Exercise data

########

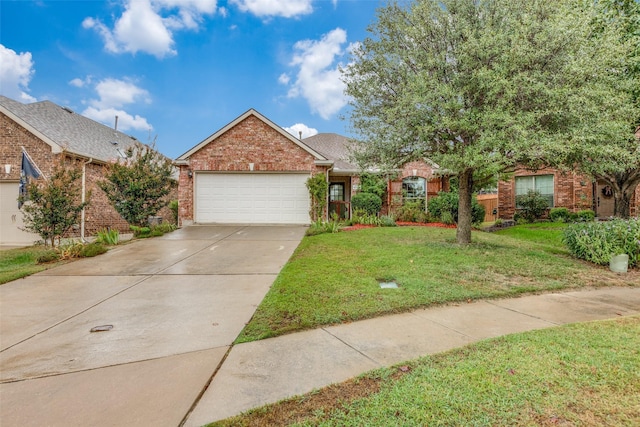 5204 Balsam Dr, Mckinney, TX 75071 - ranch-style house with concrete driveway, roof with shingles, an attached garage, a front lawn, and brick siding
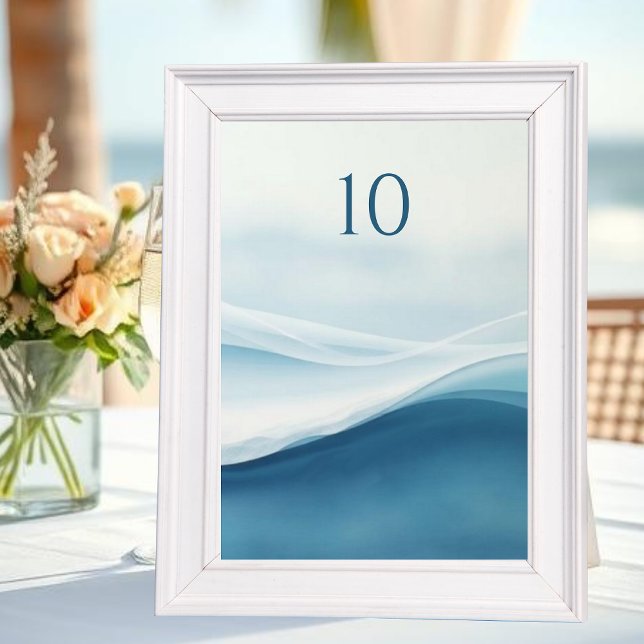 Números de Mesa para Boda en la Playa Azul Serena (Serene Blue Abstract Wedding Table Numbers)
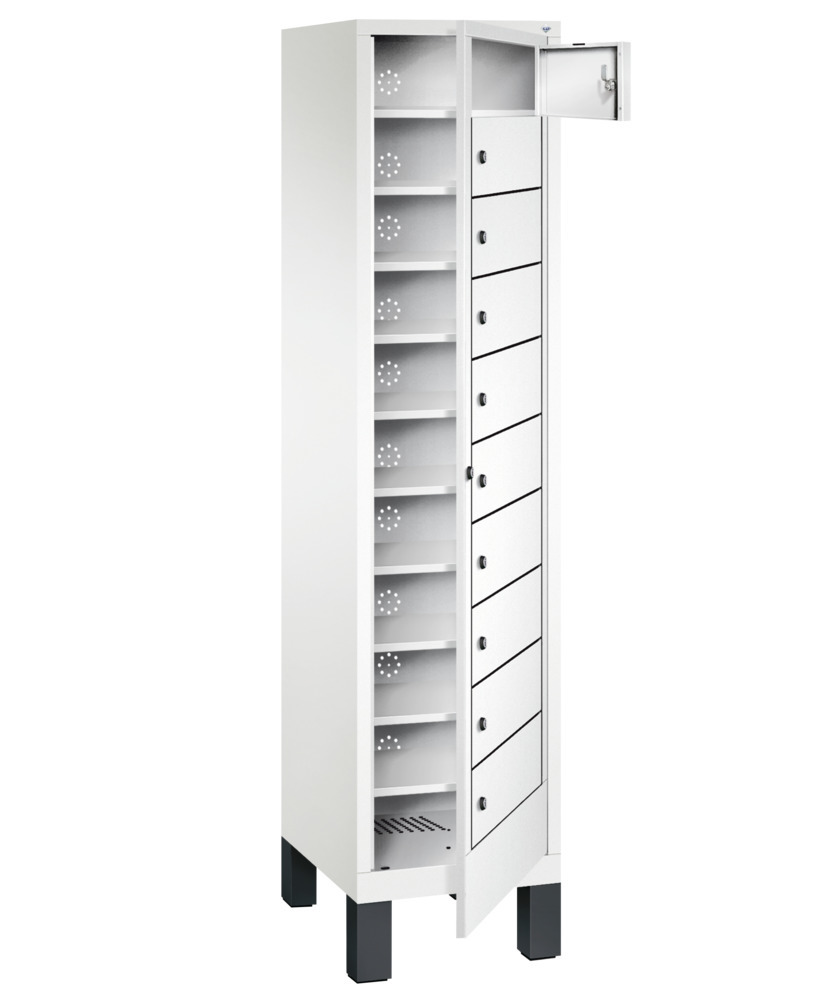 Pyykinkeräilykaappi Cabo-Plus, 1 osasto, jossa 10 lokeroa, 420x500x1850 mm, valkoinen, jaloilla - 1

########

Task brief
The lines above must be transcribed exactly, with every picture left out.

Written answer
 5204 Balsam Dr, Mckinney, TX 75071 - ranch-style house with concrete driveway, roof with shingles, an attached garage, a front lawn, and brick siding
 Números de Mesa para Boda en la Playa Azul Serena (Serene Blue Abstract Wedding Table Numbers)
 Pyykinkeräilykaappi Cabo-Plus, 1 osasto, jossa 10 lokeroa, 420x500x1850 mm, valkoinen, jaloilla - 1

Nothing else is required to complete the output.